Sebagai solusi, Puan mengusulkan pembentukan National Skill Centers atau Pusat Pengembangan Keterampilan Nasional di wilayah-wilayah strategis Indonesia.
Pusat ini akan menjadi sarana reskilling dan upskilling guna menjembatani kesenjangan keterampilan lulusan dengan dunia kerja.
"Kita butuh pusat pelatihan berbasis industri yang tanggap terhadap kebutuhan zaman. Mulai dari teknologi digital, pertanian modern, logistik, sampai energi terbarukan. Negara harus hadir menciptakan sistem pembelajaran seumur hidup," ujarnya.
Selain itu, Puan juga menyarankan agar Pemerintah mempercepat ekspansi sektor produktif dan investasi pencipta lapangan kerja.
Fokus diarahkan pada industri padat karya bernilai tambah, sektor hijau, dan ekonomi digital.
"Regulasi dan insentif fiskal harus diarahkan untuk menciptakan lebih banyak ruang kerja formal, bukan sekadar menumbuhkan sektor informal," katanya.
Platform Digital Terpadu dan Orkestrasi Kementerian
Untuk mendukung keterhubungan antara lulusan dan dunia kerja, Puan mendorong Pemerintah membangun platform digital terpadu lintas kementerian.
Platform ini harus melibatkan Kementerian Ketenagakerjaan, Bappenas, Kementerian Pendidikan Dasar dan Menengah, Kementerian Pendidikan Tinggi, Sains dan Teknologi, Kementerian Perindustrian, serta Kementerian Investasi dan Hilirisasi/BKPM.
"Lintas kementerian ini harus mampu menyambungkan pencari kerja lulusan sarjana/SMK dengan pelatihan dan lowongan kerja yang relevan. Serta menginformasikan proyeksi pekerjaan masa depan berbasis data," jelasnya.

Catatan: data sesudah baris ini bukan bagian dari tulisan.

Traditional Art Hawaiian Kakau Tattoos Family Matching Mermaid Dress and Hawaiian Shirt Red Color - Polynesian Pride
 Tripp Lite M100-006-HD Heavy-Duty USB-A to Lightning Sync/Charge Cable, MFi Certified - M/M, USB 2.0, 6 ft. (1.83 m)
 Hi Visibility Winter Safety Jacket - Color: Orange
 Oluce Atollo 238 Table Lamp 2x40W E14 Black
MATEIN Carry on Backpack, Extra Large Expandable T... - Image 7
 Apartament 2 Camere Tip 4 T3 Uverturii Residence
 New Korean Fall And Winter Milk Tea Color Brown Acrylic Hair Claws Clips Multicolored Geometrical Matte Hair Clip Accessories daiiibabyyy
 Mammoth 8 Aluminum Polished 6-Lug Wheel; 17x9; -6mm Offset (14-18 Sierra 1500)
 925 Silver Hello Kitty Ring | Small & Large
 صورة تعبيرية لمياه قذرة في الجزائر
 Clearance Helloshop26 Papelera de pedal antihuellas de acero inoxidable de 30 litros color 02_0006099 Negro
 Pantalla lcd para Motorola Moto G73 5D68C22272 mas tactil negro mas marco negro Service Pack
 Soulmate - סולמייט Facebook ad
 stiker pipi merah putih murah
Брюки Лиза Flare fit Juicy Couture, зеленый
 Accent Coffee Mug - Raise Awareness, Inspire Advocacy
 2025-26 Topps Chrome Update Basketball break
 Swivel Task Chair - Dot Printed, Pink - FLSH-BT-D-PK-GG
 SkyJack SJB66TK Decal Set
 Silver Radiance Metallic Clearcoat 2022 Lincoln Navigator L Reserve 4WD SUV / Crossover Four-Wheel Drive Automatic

Puan juga menekankan perlunya sinergi antarinstansi, bukan kerja terpisah.
"Selama kementerian dan lembaga masih bekerja dalam sekat masing-masing, masalah pengangguran tidak akan pernah selesai. Kita butuh orkestrasi, bukan solusi parsial," tegasnya.
Ia menyebut fenomena pengangguran sarjana sebagai potret stagnasi dalam perencanaan pembangunan manusia nasional.
Puan memperingatkan bahwa tanpa penanganan cepat, bonus demografi Indonesia justru berpotensi menjadi beban sosial dan ekonomi.
"Negara harus hadir bukan hanya dalam angka pertumbuhan ekonomi, tetapi juga dalam kualitas dan keberlanjutan kesempatan kerja bagi rakyatnya," pungkasnya.